Neither the 1989 nor the 2011 subsidy packages are structured to specifically address the company’s decline. Worse, the 2011 package reportedly allows Sears to shrink by another 1,750 jobs: with 6,000 remaining HQ employees, the deal allows the company to keep collecting the tax breaks as long as 4,250 employees remain.

Like I wrote in a blog last August: when an ailing company asks for a tax break, the wisdom of the plant-closings movement tells us: tax avoidance can be one form of corporate disinvestment, another early warning sign of job loss. Put another way: if a company doesn’t see a future in the community or the state, why should it keep investing in the schools or roads or universities? The alarm bells are loud and clear.
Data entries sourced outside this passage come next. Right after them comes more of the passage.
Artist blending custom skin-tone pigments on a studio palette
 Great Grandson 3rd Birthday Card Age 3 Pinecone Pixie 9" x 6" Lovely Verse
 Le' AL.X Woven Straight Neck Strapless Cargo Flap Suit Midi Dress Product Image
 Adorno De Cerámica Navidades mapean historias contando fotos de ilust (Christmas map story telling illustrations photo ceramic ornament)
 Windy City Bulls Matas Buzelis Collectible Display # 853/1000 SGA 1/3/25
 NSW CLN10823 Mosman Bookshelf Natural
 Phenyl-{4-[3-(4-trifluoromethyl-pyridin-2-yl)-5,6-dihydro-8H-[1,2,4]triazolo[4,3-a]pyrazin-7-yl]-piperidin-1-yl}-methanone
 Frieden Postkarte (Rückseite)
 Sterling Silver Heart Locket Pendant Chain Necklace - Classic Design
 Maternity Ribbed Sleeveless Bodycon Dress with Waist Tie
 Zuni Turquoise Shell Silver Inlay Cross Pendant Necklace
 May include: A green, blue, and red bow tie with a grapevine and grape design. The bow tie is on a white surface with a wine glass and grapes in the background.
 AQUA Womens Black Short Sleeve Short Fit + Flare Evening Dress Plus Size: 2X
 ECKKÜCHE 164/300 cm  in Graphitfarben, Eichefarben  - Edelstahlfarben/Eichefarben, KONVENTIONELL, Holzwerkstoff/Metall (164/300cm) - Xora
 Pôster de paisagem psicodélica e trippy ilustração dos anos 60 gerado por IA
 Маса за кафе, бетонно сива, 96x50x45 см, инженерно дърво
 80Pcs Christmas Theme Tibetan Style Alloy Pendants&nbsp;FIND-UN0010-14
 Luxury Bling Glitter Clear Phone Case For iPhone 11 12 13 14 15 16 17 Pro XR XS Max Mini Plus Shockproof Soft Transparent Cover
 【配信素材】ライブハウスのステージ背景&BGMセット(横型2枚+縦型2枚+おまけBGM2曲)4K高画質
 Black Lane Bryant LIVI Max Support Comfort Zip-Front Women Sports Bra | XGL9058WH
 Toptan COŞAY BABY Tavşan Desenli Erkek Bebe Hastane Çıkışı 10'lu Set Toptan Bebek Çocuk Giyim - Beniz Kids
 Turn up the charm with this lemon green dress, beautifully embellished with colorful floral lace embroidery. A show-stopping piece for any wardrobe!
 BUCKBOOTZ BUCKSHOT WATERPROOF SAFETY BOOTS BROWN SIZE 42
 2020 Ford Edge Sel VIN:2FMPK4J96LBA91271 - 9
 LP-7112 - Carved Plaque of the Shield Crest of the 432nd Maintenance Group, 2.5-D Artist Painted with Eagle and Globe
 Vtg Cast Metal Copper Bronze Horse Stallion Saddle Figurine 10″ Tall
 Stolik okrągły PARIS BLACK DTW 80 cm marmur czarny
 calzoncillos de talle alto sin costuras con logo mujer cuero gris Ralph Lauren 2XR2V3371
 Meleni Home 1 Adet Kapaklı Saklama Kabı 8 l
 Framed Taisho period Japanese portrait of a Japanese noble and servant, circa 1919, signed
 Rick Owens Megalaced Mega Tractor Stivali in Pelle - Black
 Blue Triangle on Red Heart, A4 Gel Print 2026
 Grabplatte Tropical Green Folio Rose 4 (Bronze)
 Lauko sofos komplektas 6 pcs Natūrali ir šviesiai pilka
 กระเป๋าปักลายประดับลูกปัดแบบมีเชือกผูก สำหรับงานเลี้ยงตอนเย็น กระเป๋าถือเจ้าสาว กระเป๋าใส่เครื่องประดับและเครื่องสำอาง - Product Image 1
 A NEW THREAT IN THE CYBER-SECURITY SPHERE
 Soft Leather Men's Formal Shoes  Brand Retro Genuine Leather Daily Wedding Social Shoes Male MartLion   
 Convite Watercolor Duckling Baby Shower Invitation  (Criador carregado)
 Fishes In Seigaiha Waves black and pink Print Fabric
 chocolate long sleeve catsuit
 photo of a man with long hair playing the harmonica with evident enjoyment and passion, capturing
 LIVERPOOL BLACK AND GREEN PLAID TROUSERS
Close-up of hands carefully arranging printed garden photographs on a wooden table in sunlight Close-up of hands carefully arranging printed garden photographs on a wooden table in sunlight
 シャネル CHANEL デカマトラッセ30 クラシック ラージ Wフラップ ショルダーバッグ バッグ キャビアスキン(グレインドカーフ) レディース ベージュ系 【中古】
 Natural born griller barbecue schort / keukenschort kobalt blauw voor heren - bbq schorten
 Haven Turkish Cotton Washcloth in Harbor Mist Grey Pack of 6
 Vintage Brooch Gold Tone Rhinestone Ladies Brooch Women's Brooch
For better or worse, Illinois and Sears are stuck with each other. So what should state leaders do? Most are trying to make light of the Sears layoff news, emphasizing the jobs that remain. But taxpayers would be far better served if public officials said to the company: we demand that you use the subsidies we are giving you to vigorously reinvest in your stores, hire more executives with retail expertise, stabilize your market share and secure Illinois jobs.

With their 1,750-job layoff loophole, Illinois politicians don’t have the formal authority of fine print. But they do have a whole lot of angry taxpayers who would rally behind such a position.